Synthèse stratégie Groupe Richelieu par Alexandre HEZEZ

Nous pensons bien évidemment en premier lieu aux populations touchées par cette guerre et les implications humaines dévastatrices. Il s’avère dorénavant très délicat d’établir des scénarios qui auraient la faveur des probabilités tant les réactions de Vladimir Poutine restent au-delà des rationalités occidentales.

En dehors des prévisions concernant la situation géopolitique, la seule conviction à ce stade que nous ayons est que les pays occidentaux mettront tout en œuvre pour ne pas provoquer d’accident financier majeur dans le monde qui légitimerait l’action du président russe dans sa déstabilisation du monde occidental.

L’impact de ces différentes mesures reste flou. Cela étant, nous nous attendons à ce que les banques centrales, les régulateurs et les gouvernements agissent. Cela rappelle, d’une certaine manière, la crise pandémique récente. Les réactions devraient être équivalentes même si une différence notoire est à souligner. Rappelons-nous que les prix spots du pétrole avaient dégringolé (pour atteindre un prix négatif !). Nous pensons que les autorités ont tiré de nombreuses leçons des crises récentes et ont appris à agir rapidement et efficacement. Ils l’ont prouvé lors des premières turbulences financières de mars 2020 suite à l’avènement du Covid-19. Dans l’ensemble, ils ont également assez bien géré les retombées économiques initiales de la pandémie. Ils ont montré qu’ils disposaient des outils ou qu’ils pouvaient les développer rapidement pour contenir les risques financiers potentiels. Déjà à l’époque, les chefs d’Etats parlaient de guerre pour évoquer la pandémie. Nous y sommes réellement…

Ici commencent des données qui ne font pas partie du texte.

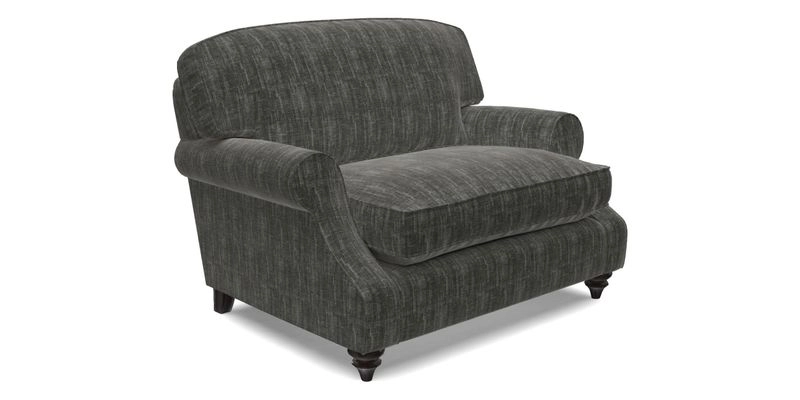 St Mawes Snuggler in Two Tone Plain Biscuit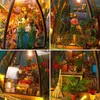 Habarri | Maison Miniature - DIY Maison de Poupées - Maison Voir les images du produit 14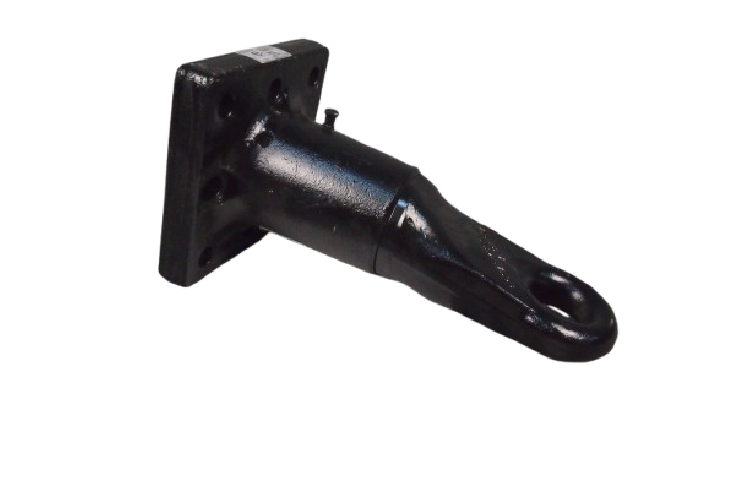 Zaczep flanszowy, oczkowy fi50mm, rozstaw 145x145 wersja obrotowa  - 00.654.48.1-A02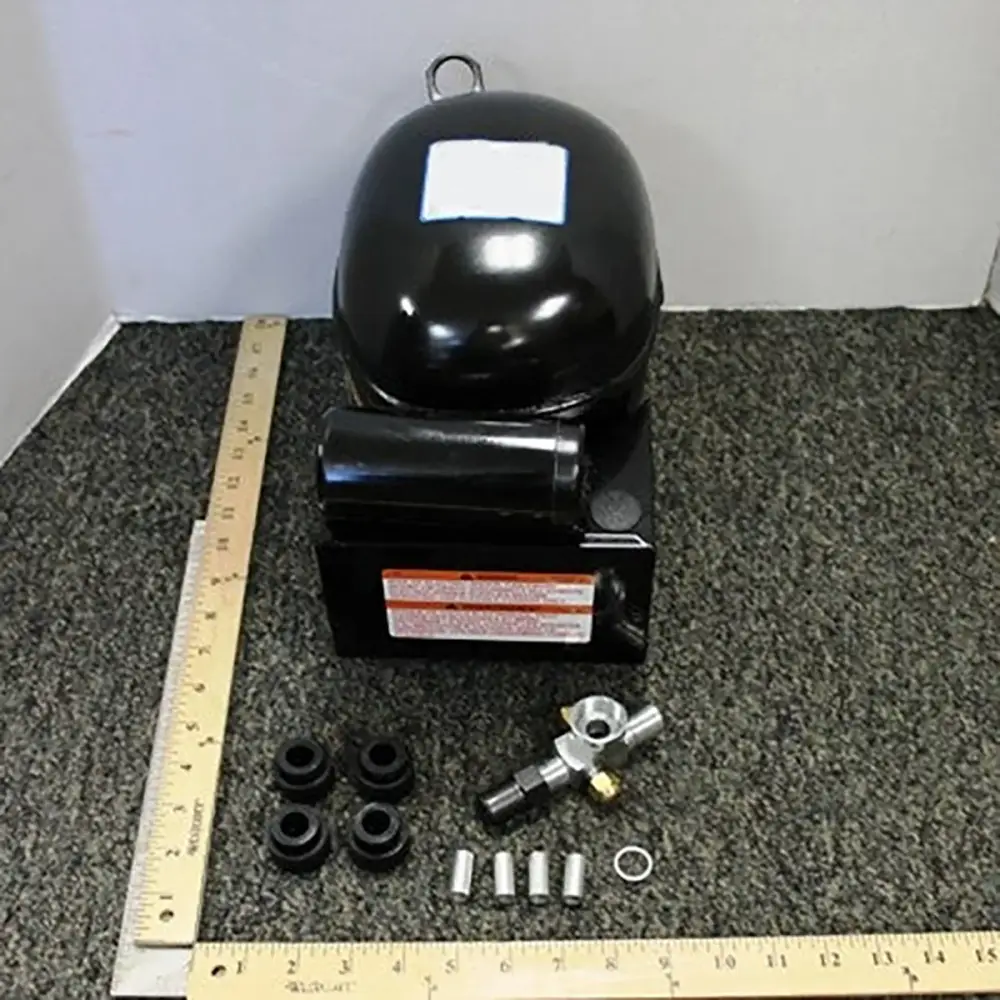 Запчасть кондиционера RST64C1E-IAV-108 Compressor — фото 1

Si nécessaire, des injections ciblées de liquidités seront effectuées dans des segments de marché tendus, de même qu’un assouplissement temporaire des règles ou une aide directe aux entreprises les plus touchées. Un enjeu clé pour les autorités sera de donner des directives précises à leurs propres institutions financières. Depuis quelques jours, la notion de « riposte graduelle » des dirigeants occidentaux est désormais bien plus crédible et alors que ces derniers soient prêts à prendre des mesures massives, y compris potentiellement dommageables pour leur propre économie. Dans l’ensemble, la situation renforcera les préoccupations macroéconomiques, notamment en ce qui concerne les matières premières, et potentiellement la trajectoire de la Fed en matière de normalisation de la politique monétaire en fonction de l’évolution de la situation.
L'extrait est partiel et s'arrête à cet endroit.